- EXERCISE:
Lines to return, exactly: from the line with "Vintage Compaq ProLinea" to the line with "main prend baguette dans porte couvert" in the entries below, both included.

(Scraped caption text data)
⁂

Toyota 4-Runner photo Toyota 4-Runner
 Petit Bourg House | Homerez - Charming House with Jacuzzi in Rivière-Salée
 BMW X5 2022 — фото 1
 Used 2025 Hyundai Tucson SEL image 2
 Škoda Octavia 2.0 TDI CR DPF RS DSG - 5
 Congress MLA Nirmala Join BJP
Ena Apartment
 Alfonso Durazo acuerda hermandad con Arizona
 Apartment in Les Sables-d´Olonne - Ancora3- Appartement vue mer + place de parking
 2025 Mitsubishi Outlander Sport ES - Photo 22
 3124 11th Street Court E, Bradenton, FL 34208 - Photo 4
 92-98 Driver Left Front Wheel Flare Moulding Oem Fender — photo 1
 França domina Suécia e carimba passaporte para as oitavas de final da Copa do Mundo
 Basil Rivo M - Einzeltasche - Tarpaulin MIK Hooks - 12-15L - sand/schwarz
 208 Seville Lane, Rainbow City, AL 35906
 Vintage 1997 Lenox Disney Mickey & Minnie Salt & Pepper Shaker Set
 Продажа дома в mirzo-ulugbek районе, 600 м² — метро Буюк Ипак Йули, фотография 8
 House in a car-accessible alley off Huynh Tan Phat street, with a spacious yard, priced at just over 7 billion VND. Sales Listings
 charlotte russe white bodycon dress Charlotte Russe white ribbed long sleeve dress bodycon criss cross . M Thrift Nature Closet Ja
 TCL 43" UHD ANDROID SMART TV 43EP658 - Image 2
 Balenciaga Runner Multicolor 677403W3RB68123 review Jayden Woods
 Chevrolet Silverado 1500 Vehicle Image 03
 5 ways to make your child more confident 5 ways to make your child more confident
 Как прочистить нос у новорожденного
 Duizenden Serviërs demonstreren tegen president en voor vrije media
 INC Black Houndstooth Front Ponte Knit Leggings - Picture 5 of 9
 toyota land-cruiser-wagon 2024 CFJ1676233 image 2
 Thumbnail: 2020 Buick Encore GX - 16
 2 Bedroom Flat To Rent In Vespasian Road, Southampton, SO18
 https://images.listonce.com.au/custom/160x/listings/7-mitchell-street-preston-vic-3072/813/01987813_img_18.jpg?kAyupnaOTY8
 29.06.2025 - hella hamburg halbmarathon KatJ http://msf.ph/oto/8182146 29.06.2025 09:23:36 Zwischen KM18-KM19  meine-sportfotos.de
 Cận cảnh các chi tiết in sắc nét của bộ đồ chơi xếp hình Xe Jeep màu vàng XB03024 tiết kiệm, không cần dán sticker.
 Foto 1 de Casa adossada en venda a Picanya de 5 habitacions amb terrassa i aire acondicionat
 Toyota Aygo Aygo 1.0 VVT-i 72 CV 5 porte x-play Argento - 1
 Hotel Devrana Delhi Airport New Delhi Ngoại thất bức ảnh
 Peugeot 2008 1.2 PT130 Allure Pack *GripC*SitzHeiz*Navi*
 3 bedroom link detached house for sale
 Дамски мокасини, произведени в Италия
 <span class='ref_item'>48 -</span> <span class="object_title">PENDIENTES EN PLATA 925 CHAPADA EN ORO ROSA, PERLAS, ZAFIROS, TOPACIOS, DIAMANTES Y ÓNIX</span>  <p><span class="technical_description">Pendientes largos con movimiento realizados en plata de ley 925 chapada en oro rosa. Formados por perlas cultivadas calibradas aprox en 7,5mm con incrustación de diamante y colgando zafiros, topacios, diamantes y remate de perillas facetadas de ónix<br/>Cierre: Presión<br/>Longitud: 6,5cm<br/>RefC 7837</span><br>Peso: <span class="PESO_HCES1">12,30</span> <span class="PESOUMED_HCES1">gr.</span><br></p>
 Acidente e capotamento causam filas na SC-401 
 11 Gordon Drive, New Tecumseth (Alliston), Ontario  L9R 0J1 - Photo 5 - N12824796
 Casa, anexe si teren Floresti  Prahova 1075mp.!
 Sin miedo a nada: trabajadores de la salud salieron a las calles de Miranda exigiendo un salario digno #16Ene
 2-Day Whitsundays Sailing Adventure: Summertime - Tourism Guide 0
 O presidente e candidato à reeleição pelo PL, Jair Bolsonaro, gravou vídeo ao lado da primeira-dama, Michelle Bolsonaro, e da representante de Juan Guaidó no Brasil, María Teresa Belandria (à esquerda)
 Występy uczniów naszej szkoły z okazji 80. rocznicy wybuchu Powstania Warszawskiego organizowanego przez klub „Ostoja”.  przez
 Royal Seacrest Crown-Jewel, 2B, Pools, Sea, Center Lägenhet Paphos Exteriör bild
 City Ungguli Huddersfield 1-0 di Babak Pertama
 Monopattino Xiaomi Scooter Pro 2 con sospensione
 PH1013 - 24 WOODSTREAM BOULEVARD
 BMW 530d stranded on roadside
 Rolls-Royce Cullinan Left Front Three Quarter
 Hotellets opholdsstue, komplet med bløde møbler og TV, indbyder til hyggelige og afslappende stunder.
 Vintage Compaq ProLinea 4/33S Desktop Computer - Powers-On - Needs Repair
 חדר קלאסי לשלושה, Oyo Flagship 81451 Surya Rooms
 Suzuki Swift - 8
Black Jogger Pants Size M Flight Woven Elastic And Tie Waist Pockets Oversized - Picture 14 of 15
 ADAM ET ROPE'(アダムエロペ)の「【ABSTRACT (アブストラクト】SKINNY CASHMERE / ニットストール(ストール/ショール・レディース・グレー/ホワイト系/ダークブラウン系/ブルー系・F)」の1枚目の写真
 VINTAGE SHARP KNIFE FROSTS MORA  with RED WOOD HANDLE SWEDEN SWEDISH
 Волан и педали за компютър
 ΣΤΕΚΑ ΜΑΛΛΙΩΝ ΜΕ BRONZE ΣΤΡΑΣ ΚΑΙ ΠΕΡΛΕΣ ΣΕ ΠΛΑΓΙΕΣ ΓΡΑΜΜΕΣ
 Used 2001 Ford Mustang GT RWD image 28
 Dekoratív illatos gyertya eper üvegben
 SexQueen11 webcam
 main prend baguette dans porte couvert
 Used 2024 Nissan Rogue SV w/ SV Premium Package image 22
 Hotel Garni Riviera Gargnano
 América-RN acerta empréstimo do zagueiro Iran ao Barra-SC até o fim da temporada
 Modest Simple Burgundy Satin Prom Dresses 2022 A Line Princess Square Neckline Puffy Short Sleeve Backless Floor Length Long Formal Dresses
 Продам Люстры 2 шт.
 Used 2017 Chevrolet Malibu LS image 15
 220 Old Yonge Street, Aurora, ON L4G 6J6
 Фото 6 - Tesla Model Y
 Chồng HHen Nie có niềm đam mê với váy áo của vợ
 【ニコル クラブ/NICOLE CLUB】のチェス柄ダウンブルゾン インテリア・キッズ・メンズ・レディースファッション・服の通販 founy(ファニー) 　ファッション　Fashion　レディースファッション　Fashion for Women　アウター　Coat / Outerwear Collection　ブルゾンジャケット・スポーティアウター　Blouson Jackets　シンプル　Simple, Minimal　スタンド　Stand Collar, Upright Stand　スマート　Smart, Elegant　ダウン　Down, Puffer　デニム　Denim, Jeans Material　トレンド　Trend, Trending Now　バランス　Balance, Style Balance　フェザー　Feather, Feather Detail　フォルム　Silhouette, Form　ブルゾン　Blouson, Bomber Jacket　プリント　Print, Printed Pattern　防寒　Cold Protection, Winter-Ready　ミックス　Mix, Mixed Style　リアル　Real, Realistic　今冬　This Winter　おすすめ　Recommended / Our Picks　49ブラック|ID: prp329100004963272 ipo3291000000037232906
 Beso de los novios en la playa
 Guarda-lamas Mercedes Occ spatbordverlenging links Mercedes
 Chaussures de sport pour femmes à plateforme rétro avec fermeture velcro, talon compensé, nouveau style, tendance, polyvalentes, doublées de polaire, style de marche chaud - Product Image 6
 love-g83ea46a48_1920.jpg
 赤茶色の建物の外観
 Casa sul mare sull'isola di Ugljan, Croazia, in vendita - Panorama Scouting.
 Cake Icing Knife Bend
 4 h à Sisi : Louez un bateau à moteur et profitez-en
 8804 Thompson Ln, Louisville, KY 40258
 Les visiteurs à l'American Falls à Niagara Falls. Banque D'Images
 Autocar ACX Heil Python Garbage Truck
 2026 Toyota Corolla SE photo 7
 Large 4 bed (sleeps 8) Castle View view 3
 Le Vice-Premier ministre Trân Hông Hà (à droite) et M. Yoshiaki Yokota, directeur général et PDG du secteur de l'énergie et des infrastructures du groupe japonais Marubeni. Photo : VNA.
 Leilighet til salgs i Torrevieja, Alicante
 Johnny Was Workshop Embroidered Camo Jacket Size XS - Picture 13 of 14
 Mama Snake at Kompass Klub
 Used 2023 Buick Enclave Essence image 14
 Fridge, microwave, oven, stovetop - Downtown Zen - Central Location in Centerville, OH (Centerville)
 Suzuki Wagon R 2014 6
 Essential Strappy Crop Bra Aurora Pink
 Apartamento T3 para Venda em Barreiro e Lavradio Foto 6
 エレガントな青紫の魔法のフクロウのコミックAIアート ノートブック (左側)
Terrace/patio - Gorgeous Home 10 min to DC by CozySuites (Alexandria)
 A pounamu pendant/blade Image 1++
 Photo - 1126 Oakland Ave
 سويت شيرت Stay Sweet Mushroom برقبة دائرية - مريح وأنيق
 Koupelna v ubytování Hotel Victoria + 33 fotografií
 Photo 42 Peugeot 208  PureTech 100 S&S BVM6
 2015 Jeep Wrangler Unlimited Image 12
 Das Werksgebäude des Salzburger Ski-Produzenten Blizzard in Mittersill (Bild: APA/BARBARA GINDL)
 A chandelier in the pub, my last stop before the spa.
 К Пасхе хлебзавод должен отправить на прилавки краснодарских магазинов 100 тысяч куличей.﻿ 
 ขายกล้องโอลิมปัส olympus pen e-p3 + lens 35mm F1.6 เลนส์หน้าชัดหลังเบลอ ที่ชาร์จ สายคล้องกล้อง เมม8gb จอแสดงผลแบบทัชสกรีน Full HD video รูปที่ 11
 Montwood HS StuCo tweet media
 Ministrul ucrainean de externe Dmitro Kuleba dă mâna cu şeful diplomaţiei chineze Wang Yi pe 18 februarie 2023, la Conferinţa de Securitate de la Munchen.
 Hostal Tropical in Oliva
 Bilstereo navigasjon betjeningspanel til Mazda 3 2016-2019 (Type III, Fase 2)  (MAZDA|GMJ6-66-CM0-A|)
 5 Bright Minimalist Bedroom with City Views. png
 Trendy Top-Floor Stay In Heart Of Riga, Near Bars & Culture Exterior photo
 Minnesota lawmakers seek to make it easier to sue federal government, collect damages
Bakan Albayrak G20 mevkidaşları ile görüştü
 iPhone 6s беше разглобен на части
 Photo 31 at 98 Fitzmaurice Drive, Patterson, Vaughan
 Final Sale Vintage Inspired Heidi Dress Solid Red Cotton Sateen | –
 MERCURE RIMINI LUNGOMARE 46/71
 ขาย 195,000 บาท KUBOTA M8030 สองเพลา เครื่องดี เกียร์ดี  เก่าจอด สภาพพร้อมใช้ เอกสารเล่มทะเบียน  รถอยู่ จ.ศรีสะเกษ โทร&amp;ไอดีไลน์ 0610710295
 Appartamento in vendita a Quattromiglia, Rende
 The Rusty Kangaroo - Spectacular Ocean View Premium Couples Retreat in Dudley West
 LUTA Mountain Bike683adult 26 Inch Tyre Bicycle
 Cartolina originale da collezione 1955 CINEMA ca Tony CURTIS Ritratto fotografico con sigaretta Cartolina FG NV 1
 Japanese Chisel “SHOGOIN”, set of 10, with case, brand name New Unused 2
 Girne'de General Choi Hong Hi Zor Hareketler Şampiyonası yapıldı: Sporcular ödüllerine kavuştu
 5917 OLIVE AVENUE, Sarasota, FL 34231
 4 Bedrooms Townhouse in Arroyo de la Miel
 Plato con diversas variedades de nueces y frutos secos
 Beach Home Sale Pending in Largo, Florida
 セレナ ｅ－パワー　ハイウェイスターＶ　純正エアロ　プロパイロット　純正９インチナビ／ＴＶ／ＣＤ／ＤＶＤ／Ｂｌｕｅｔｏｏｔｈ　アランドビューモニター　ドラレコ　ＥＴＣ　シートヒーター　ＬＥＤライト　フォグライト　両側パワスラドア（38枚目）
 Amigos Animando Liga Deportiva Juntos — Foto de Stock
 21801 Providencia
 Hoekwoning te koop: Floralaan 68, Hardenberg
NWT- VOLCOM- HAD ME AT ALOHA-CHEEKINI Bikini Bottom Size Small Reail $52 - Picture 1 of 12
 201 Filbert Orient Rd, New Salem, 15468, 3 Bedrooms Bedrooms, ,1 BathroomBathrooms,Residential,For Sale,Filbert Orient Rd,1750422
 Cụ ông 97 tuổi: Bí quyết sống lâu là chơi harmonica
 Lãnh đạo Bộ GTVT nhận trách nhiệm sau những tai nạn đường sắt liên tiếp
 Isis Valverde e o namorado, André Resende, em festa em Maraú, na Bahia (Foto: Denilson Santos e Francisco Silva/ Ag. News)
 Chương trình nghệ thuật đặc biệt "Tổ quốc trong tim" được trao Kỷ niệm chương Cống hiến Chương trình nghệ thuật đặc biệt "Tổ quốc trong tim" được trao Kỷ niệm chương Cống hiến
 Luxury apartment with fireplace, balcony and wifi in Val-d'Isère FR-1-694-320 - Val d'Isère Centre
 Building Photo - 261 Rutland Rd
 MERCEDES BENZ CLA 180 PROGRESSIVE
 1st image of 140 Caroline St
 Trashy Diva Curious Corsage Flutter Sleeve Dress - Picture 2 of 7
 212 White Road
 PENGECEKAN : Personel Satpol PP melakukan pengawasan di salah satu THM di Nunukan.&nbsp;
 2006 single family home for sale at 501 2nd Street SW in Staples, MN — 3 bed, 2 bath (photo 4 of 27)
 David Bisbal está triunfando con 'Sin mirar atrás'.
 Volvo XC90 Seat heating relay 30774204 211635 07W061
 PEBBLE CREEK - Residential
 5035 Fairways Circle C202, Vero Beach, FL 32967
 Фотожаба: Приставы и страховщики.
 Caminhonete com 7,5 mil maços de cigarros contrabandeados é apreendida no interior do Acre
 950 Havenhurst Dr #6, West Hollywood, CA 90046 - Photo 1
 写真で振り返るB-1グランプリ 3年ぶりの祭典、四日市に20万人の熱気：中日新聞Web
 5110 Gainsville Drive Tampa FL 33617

⁂

- TASK RESPONSE:
 Vintage Compaq ProLinea 4/33S Desktop Computer - Powers-On - Needs Repair
 חדר קלאסי לשלושה, Oyo Flagship 81451 Surya Rooms
 Suzuki Swift - 8
Black Jogger Pants Size M Flight Woven Elastic And Tie Waist Pockets Oversized - Picture 14 of 15
 ADAM ET ROPE'(アダムエロペ)の「【ABSTRACT (アブストラクト】SKINNY CASHMERE / ニットストール(ストール/ショール・レディース・グレー/ホワイト系/ダークブラウン系/ブルー系・F)」の1枚目の写真
 VINTAGE SHARP KNIFE FROSTS MORA  with RED WOOD HANDLE SWEDEN SWEDISH
 Волан и педали за компютър
 ΣΤΕΚΑ ΜΑΛΛΙΩΝ ΜΕ BRONZE ΣΤΡΑΣ ΚΑΙ ΠΕΡΛΕΣ ΣΕ ΠΛΑΓΙΕΣ ΓΡΑΜΜΕΣ
 Used 2001 Ford Mustang GT RWD image 28
 Dekoratív illatos gyertya eper üvegben
 SexQueen11 webcam
 main prend baguette dans porte couvert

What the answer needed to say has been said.